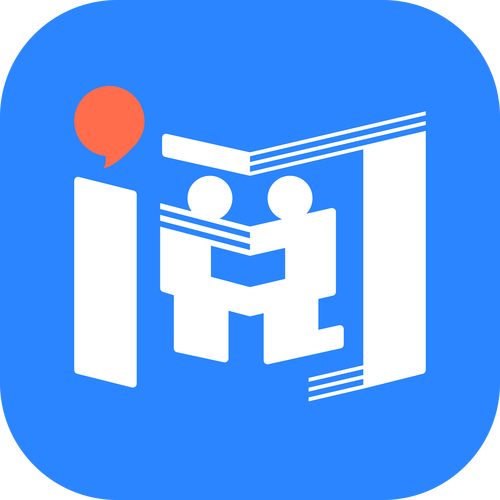 88阅读无付费版游戏截图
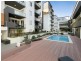 501/148 Victoria Park Road, Kelvin Grove QLD 4059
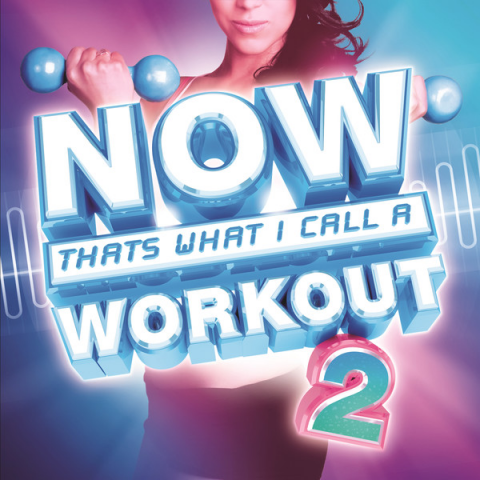 Catch My Breath (Cash Cash Remix|- remix)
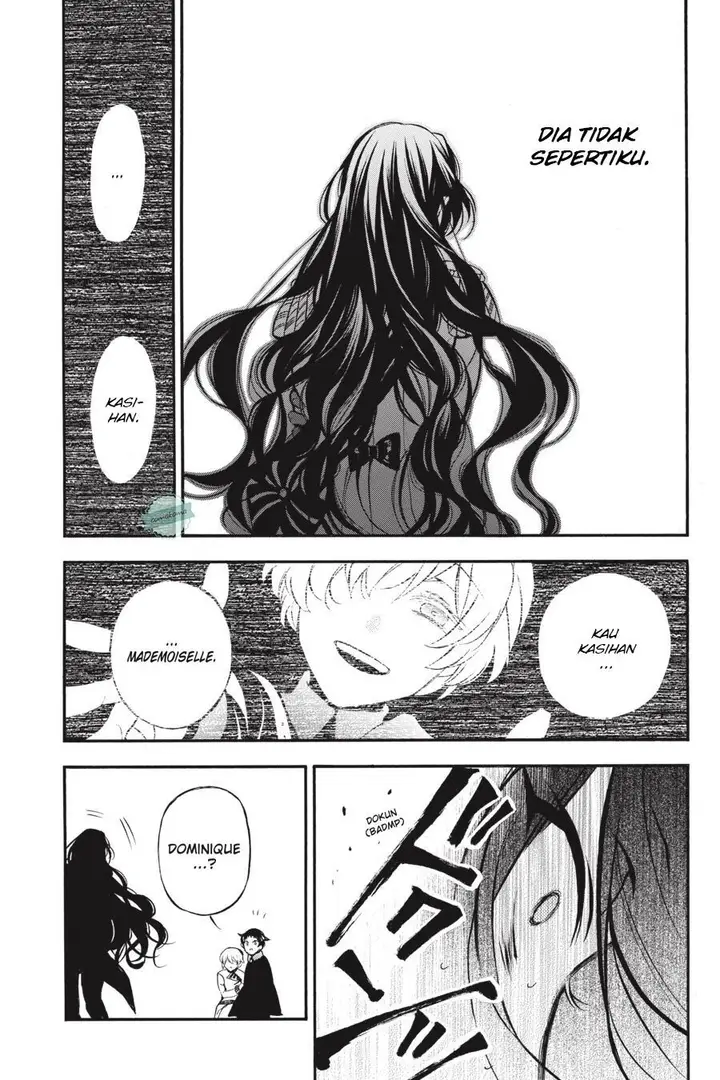 image-komik-vanitas-no-carte-chapter-45-17/30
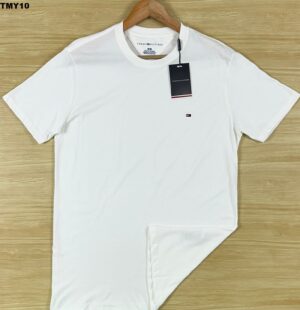 CAMISETA PERUANA ALG. 40.1 - CPQTMY10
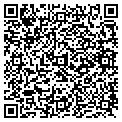 QR code with WRNX contacts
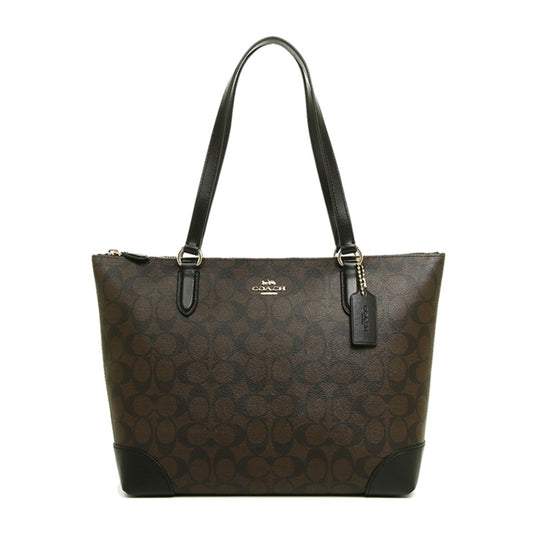 Coach Shoulder Bag/Clutch F29208IMAA8 329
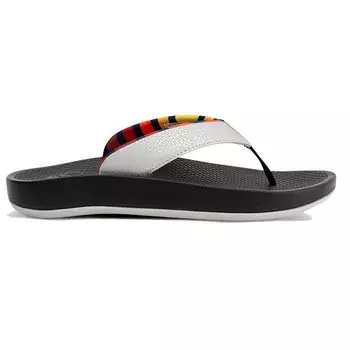 Сандалии Freewaters Cloud9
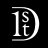 Interior Designers, Decorators & Architects on 1stdibs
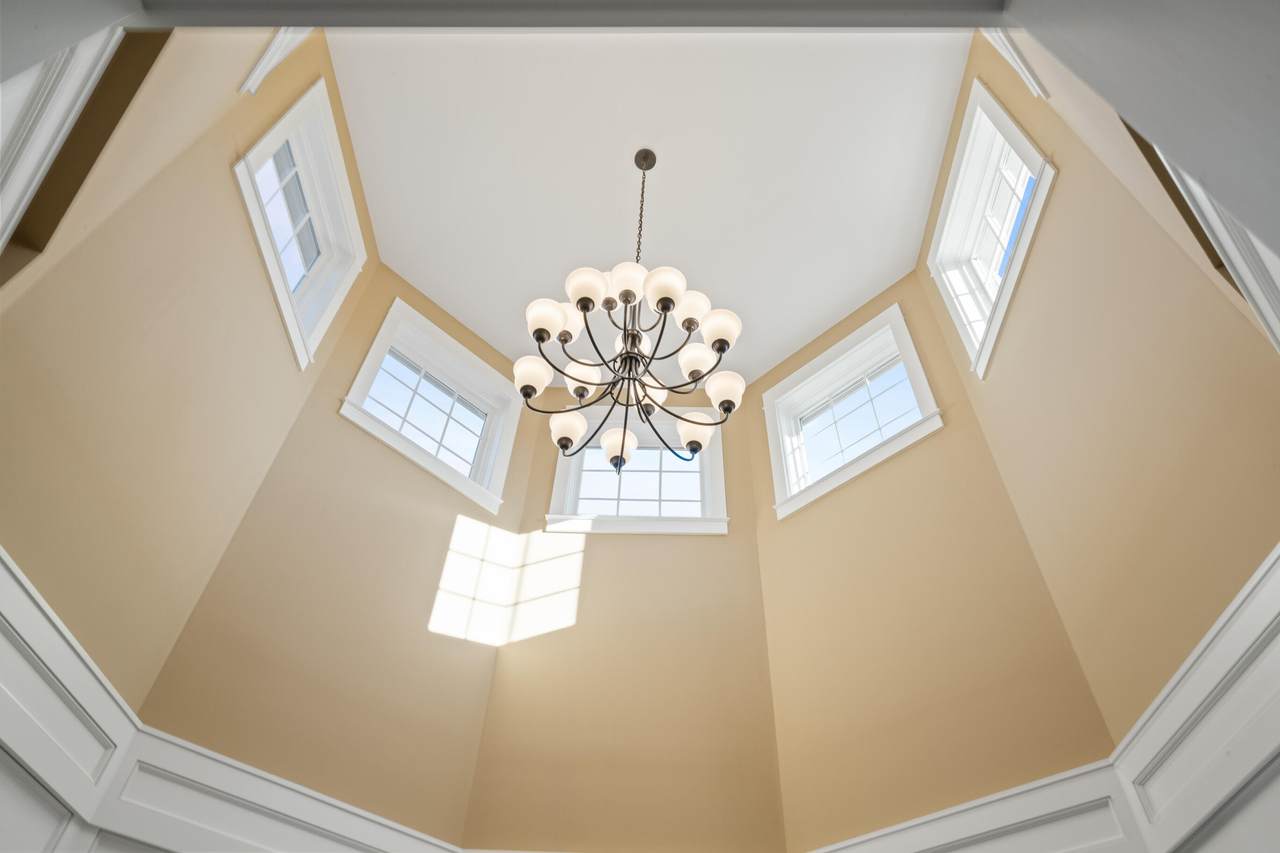 https://bt-photos.global.ssl.fastly.net/milwaukee/1280_boomver_1_1950958-2.jpg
----------
● TASK REQUIREMENTS
Pictures aside, repeat each entry in full and without change.

● RESPONSE TO THIS TASK
 88阅读无付费版游戏截图
 501/148 Victoria Park Road, Kelvin Grove QLD 4059
 Catch My Breath (Cash Cash Remix|- remix)
 image-komik-vanitas-no-carte-chapter-45-17/30
 CAMISETA PERUANA ALG. 40.1 - CPQTMY10
 QR code with WRNX contacts
 Coach Shoulder Bag/Clutch F29208IMAA8 329
 Сандалии Freewaters Cloud9
 Interior Designers, Decorators & Architects on 1stdibs
 https://bt-photos.global.ssl.fastly.net/milwaukee/1280_boomver_1_1950958-2.jpg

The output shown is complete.